For me, a lot of the thrill of collecting is tied up in the process of searching out a particular whiskey “on the ground” rather than in the digital world. I geek out on talking to people, moving bottles around with my hands, and the singular charge that comes from finding what I’m looking for, lurking on a shelf. Of course, this tactic doesn’t always work, no matter how much I might prefer it. And as the song says, it takes diff’rent strokes to move the world. So, if your tastes differ from mine, or if circumstances compel you to buy expensive whiskey bottles through online retailers, trading sites, or at auctions, I strongly encourage you to do some preliminary reading. Here’s why:
Sanctioned whiskey auctions at established houses are a relatively new phenomenon in the United States. And as the links below make clear, there have been some pretty savage bumps in the road, even at this early stage. So it’s essential that you educate yourself and know what to look for before bidding. There’s a lot to learn about the characteristics of glass bottles, labels, tax stamps, bottle closures, bar codes, fill lines, and other variables. It’s tough enough to apply all you’ve learned when looking at a bottle standing in from of you, but it can be next to impossible when looking at a small digital photo. So if you’re planning to bid, don’t be afraid to ask for plenty of additional pictures and information. It’s up to you to be confident in a particular bottle before bidding.
Similarly, before rushing off to spend hundreds of dollars online to bunker 6 cases of this year’s never-to-be-repeated 29 Year-Old Roger W. Snead Warehouse X Dirigible Accident Survivor Bourbon, pause for a moment. Ask yourself some basic questions. Are you acting out of a (perhaps understandable) panic that if you don’t buy immediately, you won’t have the chance? (Hey – we’ve all done it.) Do you enjoy the taste of extra-aged bourbon? And if so, have you tasted any whiskey bottled under the Roger W. Snead label? What’s the history of the brand, and what can it tell you about the current release? And what are people who have the opportunity to taste virtually all of the limited release whiskies writing about this particular bottling?

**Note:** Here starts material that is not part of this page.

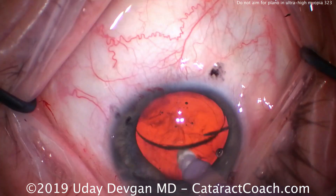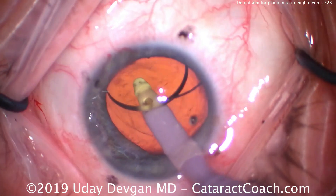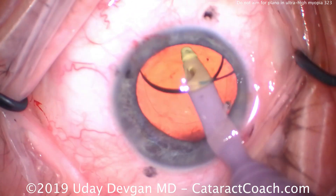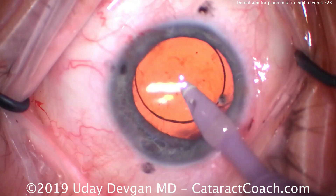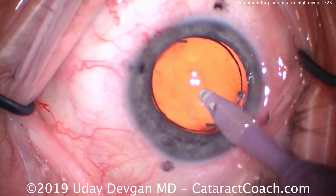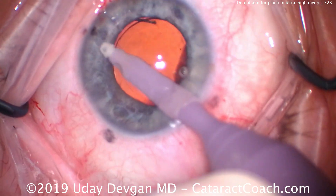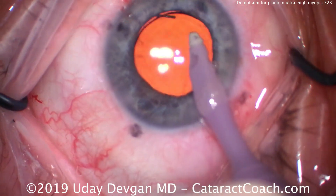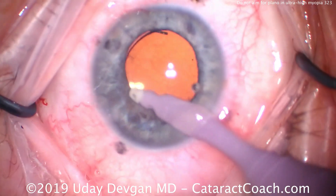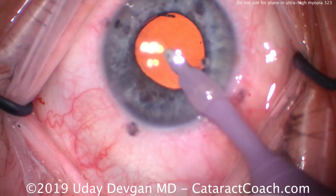In this patient, we did achieve our desired goal. The patient ended up about minus 5.5 diopters spherical after about a month of healing, and found that very useful for all the prolonged near work done on tablets and cell phones. Keep in mind, the patient is functionally monocular, so there are no worries about binocular vision at such a close range with the moderate degree of myopia left over.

There are a few exceptionally informative sites out there with which every whiskey geek should familiarize him or herself. They are written by people who clearly love whiskey, and who’ve invested an enormous amount of time and energy learning about it and sharing that knowledge with the rest of us. It’d be ridiculous not to take advantage of their generosity in posting their knowledge so freely. So, before you begin bidding at whiskey auctions, buying bottles in stores, or bunkering a whiskey collection in your home, start reading.
In addition to the society’s very useful archive of whiskey reviews, pay particular attention to the Adventures in Whiskey section, which contains an enormous amount of useful information on the perils of buying old bottles of whiskey, and how to ensure that you avoid any unhappy purchases.
And please read this very informative section on whiskey auctions, as well.
Sku posts a lot of excellent reviews and is absolutely unafraid to call ‘em as he sees ‘em. His style is crisp, his knowledge is vast, and he’s generous with it. If you have questions regarding the American distilling industry (or are curious about his opinions on a wide variety of non-American whiskies) the answer probably lies somewhere on this site. Sku is also a member of the LA Whiskey Society, and more of his reviews are posted on the society’s site.
It seems appropriate to describe Mr. Cowdery as the dean of American whiskey writers. His book, Bourbon, Straight, certainly helped to nourish my interest in the history of American distilling, as I imagine it has for many other enthusiasts, as well. It is worth noting that Mr. Cowdery’s experience in the American whiskey industry is decades-long, and that he was writing about American whiskies long before the current popularity of bourbon and straight rye.
Although K&L Wines is a retailer, and obviously has an interest in selling the products it carries, the information in its blog is, in my opinion, fair and open-minded. The whiskey-buyers for K&L (David Driscoll and David Othenin-Girard) provide a fascinating window into the state of retail whiskey sales, and the reasons why we, as avid consumers, aren’t able to buy all of our favorite whiskies whenever we want. If you want to enrich your understanding of the whiskey industry in the U.S., read this blog.